Friday, August 2, 2013

NSA paid $152M over 3 years to British spy agency, new Snowden docs show

"[Government Communications Headquarters] must pull its weight," UK spies wrote.

According to a new report by The Guardian, the American government has paid “at least £100 million [$152 million] to the UK spy agency GCHQ [Government Communications Headquarters] over the last three years to secure access to and influence over Britain's intelligence gathering programs.”
The Guardian wrote on Thursday that Edward Snowden provided documents showing that the National Security Agency (NSA) paid around $152 million to its British sister spy agency, the GCHQ, since 2010. "GCHQ must pull its weight and be seen to pull its weight," a GCHQ strategy briefing reportedly said.
Many intelligence community watchers have long suspected that British and American intelligence simply swap information as a way to skirt each other’s mandate to not spy on their own citizens domestically. The newspaper also said that the GCHQ has efforts underway to "exploit any phone, anywhere, any time,” and that “60 percent of all Britain’s refined intelligence appears to come from the NSA.”
As The Guardian reported:
When GCHQ does supply the US with valuable intelligence, the agency boasts about it.
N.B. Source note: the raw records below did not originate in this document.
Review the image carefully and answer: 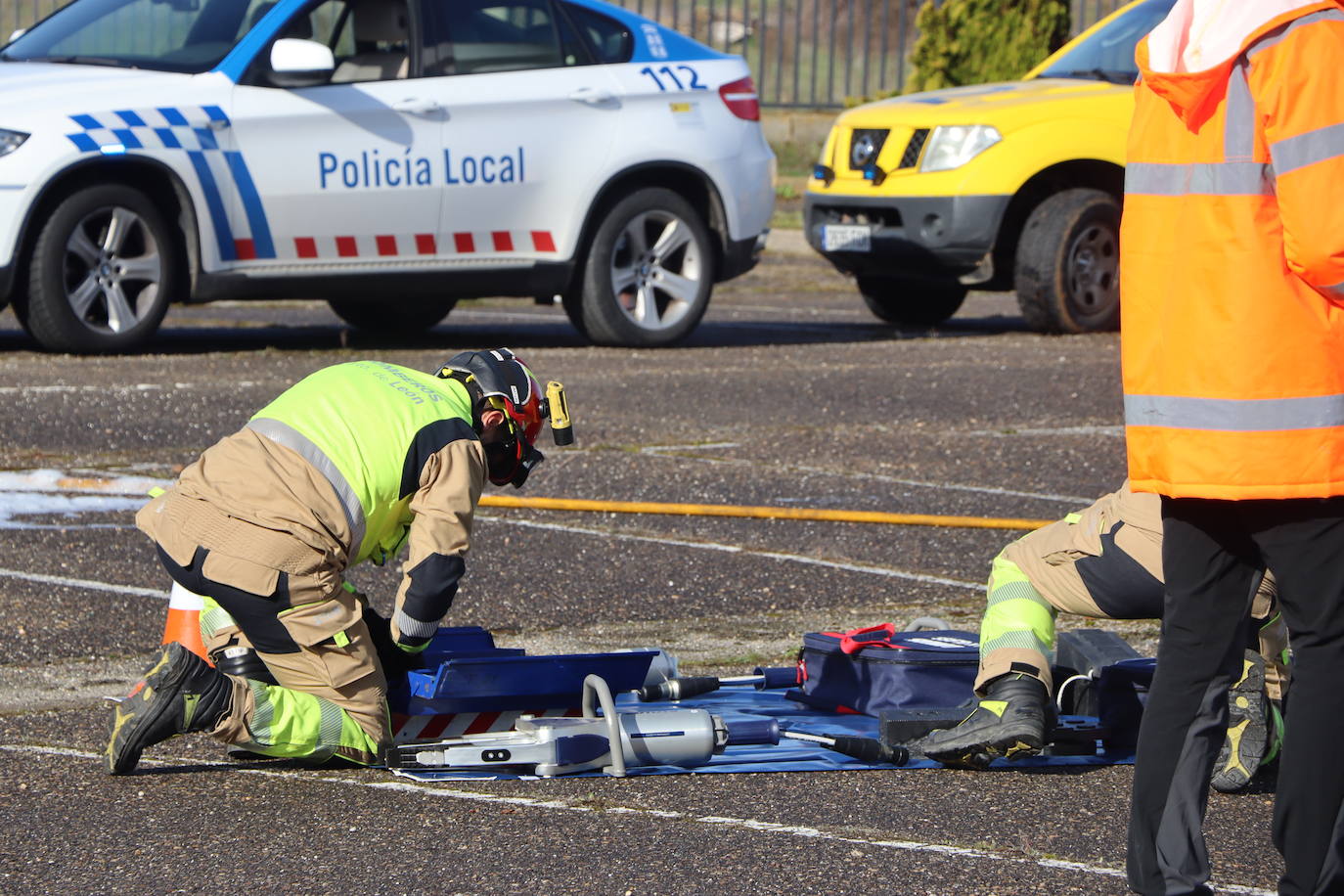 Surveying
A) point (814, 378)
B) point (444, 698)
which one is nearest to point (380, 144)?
point (814, 378)

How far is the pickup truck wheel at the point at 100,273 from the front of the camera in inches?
376

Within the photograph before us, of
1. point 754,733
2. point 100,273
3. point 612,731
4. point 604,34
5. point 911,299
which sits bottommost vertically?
point 911,299

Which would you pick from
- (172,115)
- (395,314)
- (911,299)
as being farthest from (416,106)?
(911,299)

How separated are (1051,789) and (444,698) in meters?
1.36

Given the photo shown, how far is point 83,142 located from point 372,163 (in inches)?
57.0

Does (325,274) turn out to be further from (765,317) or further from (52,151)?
(765,317)

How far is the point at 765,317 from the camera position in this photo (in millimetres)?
13703

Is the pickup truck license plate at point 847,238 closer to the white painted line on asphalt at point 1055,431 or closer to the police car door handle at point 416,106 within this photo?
the police car door handle at point 416,106

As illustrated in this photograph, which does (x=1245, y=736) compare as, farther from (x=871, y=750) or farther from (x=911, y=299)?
(x=911, y=299)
In one review, GCHQ boasted that it had supplied "unique contributions" to the NSA during its investigation of the American citizen responsible for an attempted car bomb attack in Times Square, New York City, in 2010.
No other detail is provided – but it raises the possibility that GCHQ might have been spying on an American living in the US. The NSA is prohibited from doing this by US law.